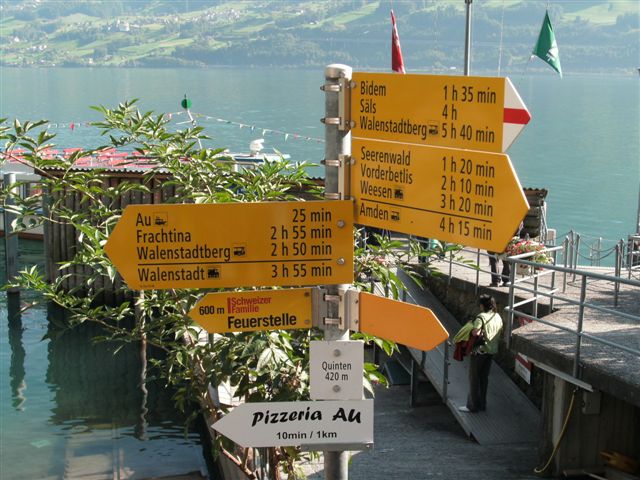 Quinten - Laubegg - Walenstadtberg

==

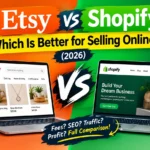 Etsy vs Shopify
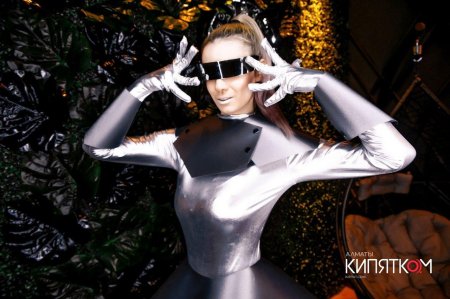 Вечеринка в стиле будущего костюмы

--

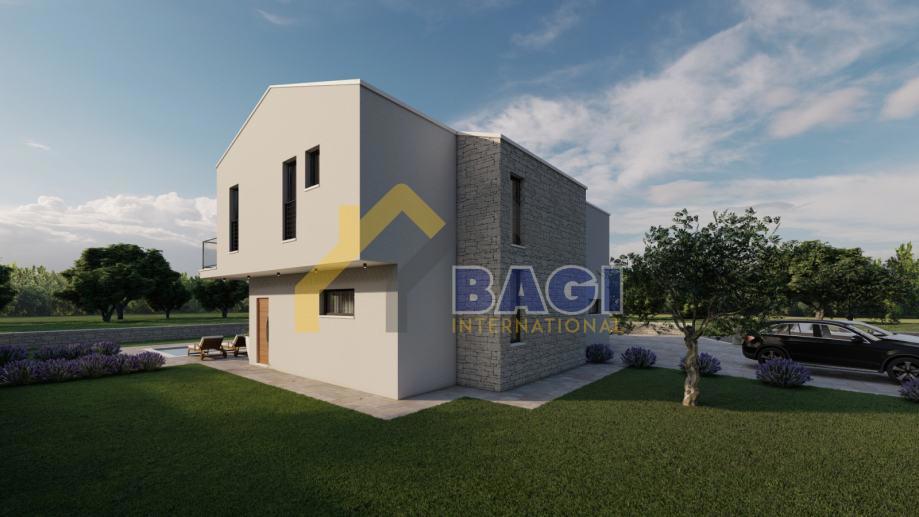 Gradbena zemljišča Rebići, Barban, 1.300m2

• Exercise brief: Start with the line with "Etsy vs Shopify" in the listing above and stop after the line with "Вечеринка в стиле будущего костюмы". Write out exactly the lines in that stretch and no others, without pictures.

• Output of the task:
 Etsy vs Shopify
 Вечеринка в стиле будущего костюмы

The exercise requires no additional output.